Warren met with Assad in Syria because they he has a Syrian neighbor, and to work with churches on the Peace Plan.

Question: Why did you meet with Bashar Assad in Syria?

 

Rick Warren: I’ve often been asked about why I went to Syria. And I really went to Syria for two reasons.

First, I have a neighbor who’s Syrian – my next door neighbor. And he said, “I’d like you to come to Syria and meet my family.” And there are over 6,000 biblical sites in Syria. So I thought, “This will be great! I’d love to go see Syria.”

The second thing is, I went there to see if I could work with the churches there to do what’s called the Peace Plan, which is our global Peace Plan – P-E-A-C-E. We never go into detail on this.

It’s P; I mean “Promote Reconciliation”.

E is “Equip Leaders”.

A is “Assist the Poor”.

C is “Care for the Sick”.

And E is “Educate the Next Generation”.

And we’ve been testing the prototype of this peace plan for four years – promoting reconciliation, equipping leaders, assisting the poor, caring for the sick, educating the next generation.

In the last four years, I’ve sent out over 7,500 of my members on their own. It’s like a peace corps in many ways – only it’s church-based – going out to 68 countries. These people spend their own money and time to do this. So when I went to Syria, I went to get information on could we do it with churches there.

When I was there, a couple things happened. The president of the country heard I was in the country. He said, “Oh! Rick Warren’s in the country. I’d like to meet him.” So he invited me.

What was I supposed to do? Say no? I didn’t go to see him. It certainly wasn’t a political trip, and I certainly wasn’t a diplomat or a delegate. I’m a pastor. And I just happened to be in the country and got a request from the office of the president, “Would you come meet me?”

So I went and met him, went to whatever their office is. And we talked and basically talked about education, talked about the Peace Plan, talked about student exchange. You certainly don’t have to agree with everybody to talk. And that’s that whole thing of treating with civility.

So then what happened was it got controversial because the Syrian government put out a statement that basically said, “Rick Warren backs the government,” blah, blah, blah. Well I didn’t say that at all.

And the first guy who reported it said, “Oh, now you’ve said all this stuff.”

And I wrote him an e-mail and said, “No, I didn’t say that.”

And he said, “Well I look forward to seeing the videotape of that thing.” In other words, he didn’t believe me. “I’m going to check the videotape and see what you said.” I said there is no videotape.

The next thing he does is he goes on YouTube and finds a tape of me walking around being taped by a home movie camera in a market by a home movie guy who had put a movie up on YouTube. So he goes, “Oh see? You did have a tape.” And he called me a liar.

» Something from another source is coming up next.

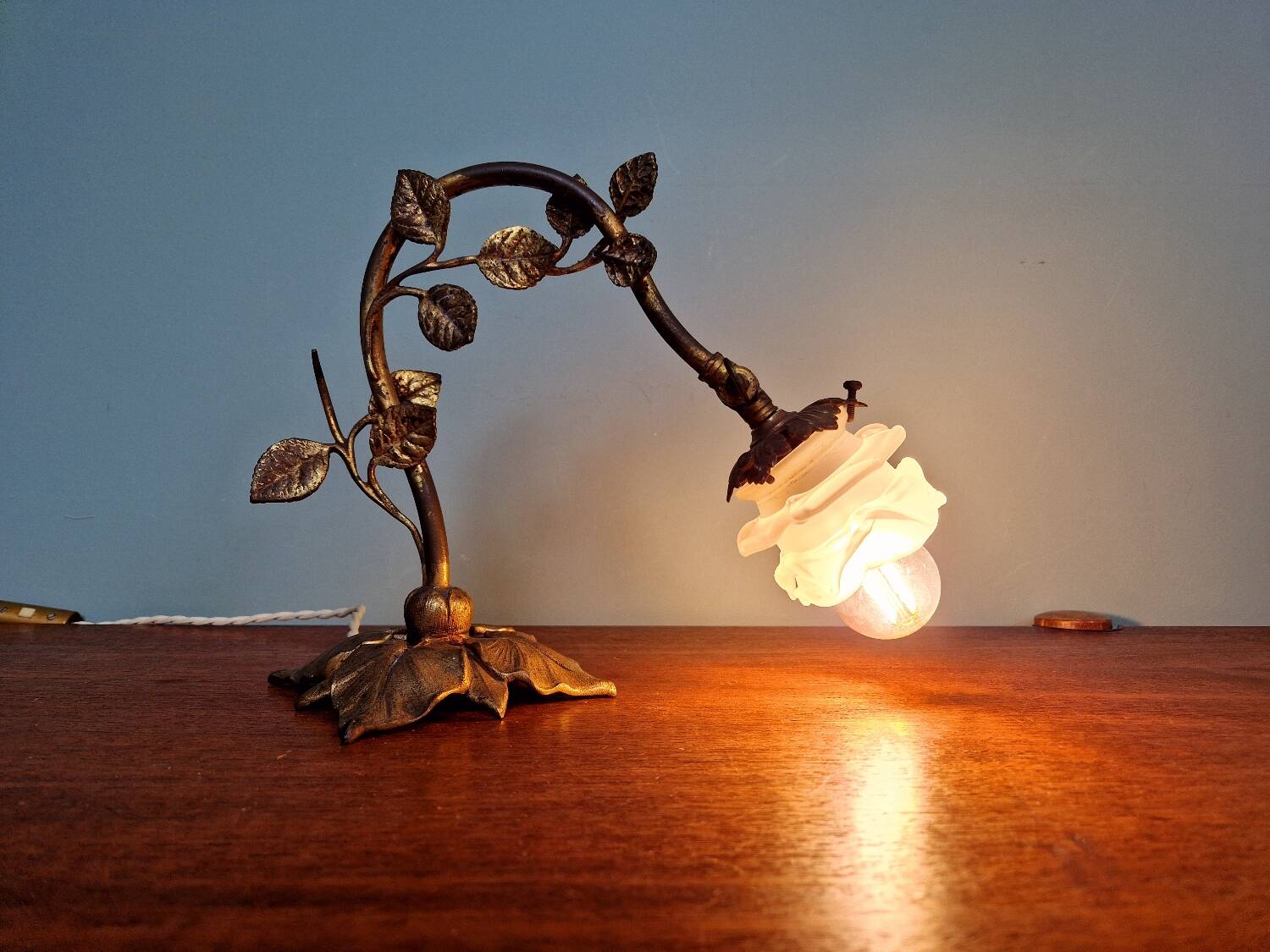 Gilt bronze table lamp, floral decoration, 1910s-20s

Well I wasn’t lying. The fact is it wasn’t taped. A video camera of me walking around with a bunch of pastors in a market is not the same thing as a videotape of a camera of a meeting with the president.

And what they did was at the meeting of the president at the end, they do – you do this with every president I’ve ever met with – you have a photo op. And they bring the press in and they take a picture.

And he saw that picture of me standing there, and he goes, “Oh, you must have a video, so you lied about it.”

No I didn’t lie about it. You didn’t do your due diligence.